━━━━━ Dataset extract ━━━━━

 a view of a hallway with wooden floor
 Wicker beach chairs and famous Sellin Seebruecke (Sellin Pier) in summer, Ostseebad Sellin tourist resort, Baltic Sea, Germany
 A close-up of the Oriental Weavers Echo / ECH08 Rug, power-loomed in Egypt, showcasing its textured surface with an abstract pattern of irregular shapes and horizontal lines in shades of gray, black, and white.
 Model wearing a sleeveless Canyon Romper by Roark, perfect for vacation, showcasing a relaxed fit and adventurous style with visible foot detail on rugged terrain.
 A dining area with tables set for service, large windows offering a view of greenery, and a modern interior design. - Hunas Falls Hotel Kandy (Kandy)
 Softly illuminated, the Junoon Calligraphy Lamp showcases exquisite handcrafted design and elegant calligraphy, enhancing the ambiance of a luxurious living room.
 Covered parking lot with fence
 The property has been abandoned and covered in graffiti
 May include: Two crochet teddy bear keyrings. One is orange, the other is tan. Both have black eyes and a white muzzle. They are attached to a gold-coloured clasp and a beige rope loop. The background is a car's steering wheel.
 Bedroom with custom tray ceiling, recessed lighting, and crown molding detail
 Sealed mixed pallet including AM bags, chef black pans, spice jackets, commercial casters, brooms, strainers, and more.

━━━━━

Task instructions: Nothing in the data may differ; print all of it exactly as written.

Task solution:
 a view of a hallway with wooden floor
 Wicker beach chairs and famous Sellin Seebruecke (Sellin Pier) in summer, Ostseebad Sellin tourist resort, Baltic Sea, Germany
 A close-up of the Oriental Weavers Echo / ECH08 Rug, power-loomed in Egypt, showcasing its textured surface with an abstract pattern of irregular shapes and horizontal lines in shades of gray, black, and white.
 Model wearing a sleeveless Canyon Romper by Roark, perfect for vacation, showcasing a relaxed fit and adventurous style with visible foot detail on rugged terrain.
 A dining area with tables set for service, large windows offering a view of greenery, and a modern interior design. - Hunas Falls Hotel Kandy (Kandy)
 Softly illuminated, the Junoon Calligraphy Lamp showcases exquisite handcrafted design and elegant calligraphy, enhancing the ambiance of a luxurious living room.
 Covered parking lot with fence
 The property has been abandoned and covered in graffiti
 May include: Two crochet teddy bear keyrings. One is orange, the other is tan. Both have black eyes and a white muzzle. They are attached to a gold-coloured clasp and a beige rope loop. The background is a car's steering wheel.
 Bedroom with custom tray ceiling, recessed lighting, and crown molding detail
 Sealed mixed pallet including AM bags, chef black pans, spice jackets, commercial casters, brooms, strainers, and more.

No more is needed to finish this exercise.